The "train low, race high" paradigm has been widely discussed over the past few years. The idea is that you do some training sessions with depleted carbohydrate stores, and this helps teach your body to burn fat more efficiently. Then when it comes time to race, you make sure to have fully stocked carbohydrate stores, which allows you to take advantage of "metabolic flexibility" to burn both fuel sources efficiently.
(One point that always needs clarification: this is not about eating a chronically low-carb diet. It's timing your workouts and food intake to be in a low-carb state a few times a week for specific sessions.)
The research into "train low" has produced mixed results. An initial study found enhanced performance, but it was a pretty odd design: one-legged kicking with different training protocols for each leg. Subsequent studies have found that training low can produce some apparent metabolic benefits, but in general these benefits haven't translated into actual increased performance. Meanwhile, others have raised concerns that training low can deplete your immune function and break down muscle protein. So the jury is definitely still out.
A new study from Martin Gibala's group at McMaster University, published in the International Journal of Sport Nutrition and Exercise Metabolism, offers some interesting new twists. The protocol involved two weeks of twice-a-day, three-times-a-week interval workouts; each workout was 5 x 4:00 cycling at 60% of peak power with 2:00 rest. The 18 subjects were divided into two groups.

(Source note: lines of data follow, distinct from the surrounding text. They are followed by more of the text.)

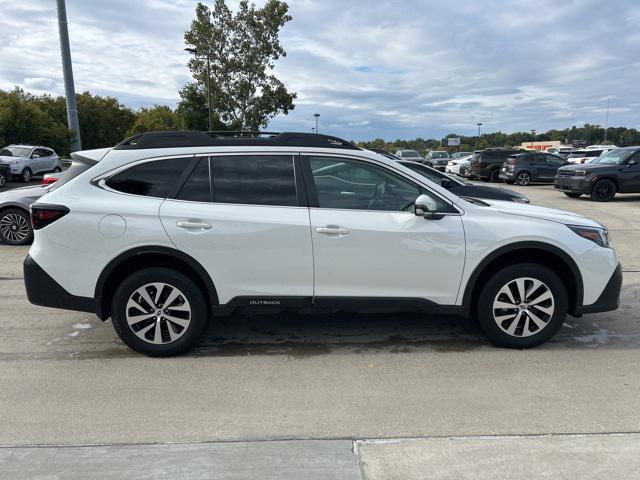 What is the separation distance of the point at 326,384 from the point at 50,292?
7.83 feet

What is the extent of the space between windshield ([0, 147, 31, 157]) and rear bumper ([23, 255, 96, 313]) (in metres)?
21.6

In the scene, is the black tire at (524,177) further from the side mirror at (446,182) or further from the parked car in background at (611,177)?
→ the side mirror at (446,182)

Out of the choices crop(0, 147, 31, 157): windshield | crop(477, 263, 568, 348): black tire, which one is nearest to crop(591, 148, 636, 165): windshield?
crop(477, 263, 568, 348): black tire

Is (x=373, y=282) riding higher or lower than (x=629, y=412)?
higher

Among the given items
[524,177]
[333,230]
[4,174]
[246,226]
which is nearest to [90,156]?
[246,226]

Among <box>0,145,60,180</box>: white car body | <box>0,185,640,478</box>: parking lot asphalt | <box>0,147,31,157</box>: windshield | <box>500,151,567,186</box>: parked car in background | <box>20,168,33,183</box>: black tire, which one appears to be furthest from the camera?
<box>500,151,567,186</box>: parked car in background

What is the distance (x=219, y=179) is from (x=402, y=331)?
2252 millimetres

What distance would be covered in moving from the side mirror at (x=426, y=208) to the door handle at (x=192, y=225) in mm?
1691

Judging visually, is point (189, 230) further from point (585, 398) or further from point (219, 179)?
point (585, 398)

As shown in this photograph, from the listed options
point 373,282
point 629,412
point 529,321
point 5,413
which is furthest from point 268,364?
point 629,412

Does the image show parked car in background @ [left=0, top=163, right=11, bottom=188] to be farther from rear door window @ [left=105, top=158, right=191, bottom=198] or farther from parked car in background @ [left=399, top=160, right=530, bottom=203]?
rear door window @ [left=105, top=158, right=191, bottom=198]

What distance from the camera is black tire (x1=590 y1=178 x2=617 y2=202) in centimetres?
1602

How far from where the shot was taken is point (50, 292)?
13.9 ft

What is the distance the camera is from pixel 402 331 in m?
4.98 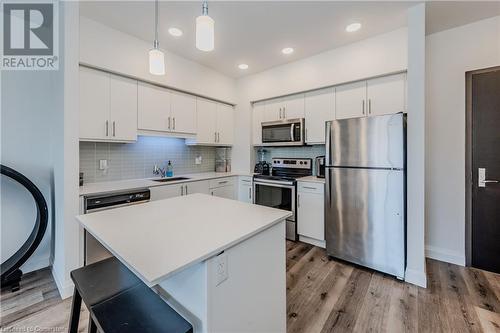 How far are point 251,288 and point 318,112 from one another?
8.81ft

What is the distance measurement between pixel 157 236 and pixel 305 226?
239 centimetres

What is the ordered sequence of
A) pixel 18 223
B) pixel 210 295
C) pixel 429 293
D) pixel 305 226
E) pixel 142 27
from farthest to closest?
1. pixel 305 226
2. pixel 142 27
3. pixel 18 223
4. pixel 429 293
5. pixel 210 295

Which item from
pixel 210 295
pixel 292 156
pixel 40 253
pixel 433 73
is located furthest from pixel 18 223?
pixel 433 73

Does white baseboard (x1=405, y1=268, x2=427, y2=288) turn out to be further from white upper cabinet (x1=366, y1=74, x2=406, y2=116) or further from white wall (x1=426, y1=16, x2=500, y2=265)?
white upper cabinet (x1=366, y1=74, x2=406, y2=116)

During the three hours between the two workouts, one group fully replenished its carb stores (they took in 195 grams of carb), while the other didn't (they took in only 17 grams of carb). That was the only difference between the two groups: the workouts remained identical.

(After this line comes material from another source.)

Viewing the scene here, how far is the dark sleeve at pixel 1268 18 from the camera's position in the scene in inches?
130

After two weeks, the train-low group had improved its performance on a ~20-minute time trial by 16 percent, while the train-high group had improved by only 8 percent – the first demonstration of enhanced performance in full-body exercise from a train-low protocol. Interestingly, the train-low group didn't fare significantly better in a repeated-sprint test, which may suggest that train-low is most effective for endurance tasks (not surprising if it boosts fat-burning).
Contrary to expectations, muscle biopsies didn't show any advantage in mitochondrial content, which is usually the key driver of endurance adaptations. So why did performance improve? The short answer is that it's impossible to know for sure. One feature of this particular study is that the workout intensities were fixed: everyone did 5 x 4:00 at 60 percent of peak power, regardless of how they were feeling. The workouts were presumably harder for the carb-starved group, which may have produced a greater training stimulus. Or at least, the workouts would have felt harder, which may have produced the same effect: "subjects in the [train low] group may have been prepared to 'push harder' in the time trial," the authors note.
From a practical perspective, the short duration of the protocol (two weeks) is one of the key features of the study. Given the concerns about lowered immune function and so on, training low for long periods of time may not have a great risk-benefit ratio. The biggest caveat is that the subjects were recreationally active, not trained athletes. As the authors point out, it's far easier to produce improvements in untrained people than in well-trained athletes.
So where does that leave us? There are still plenty of unanswered question about how, and indeed if, training low helps. But this seems like an encouraging sign, and makes an interesting case for the benefits of very short train-low cycles. Next question: when should you insert those two weeks relative to a race?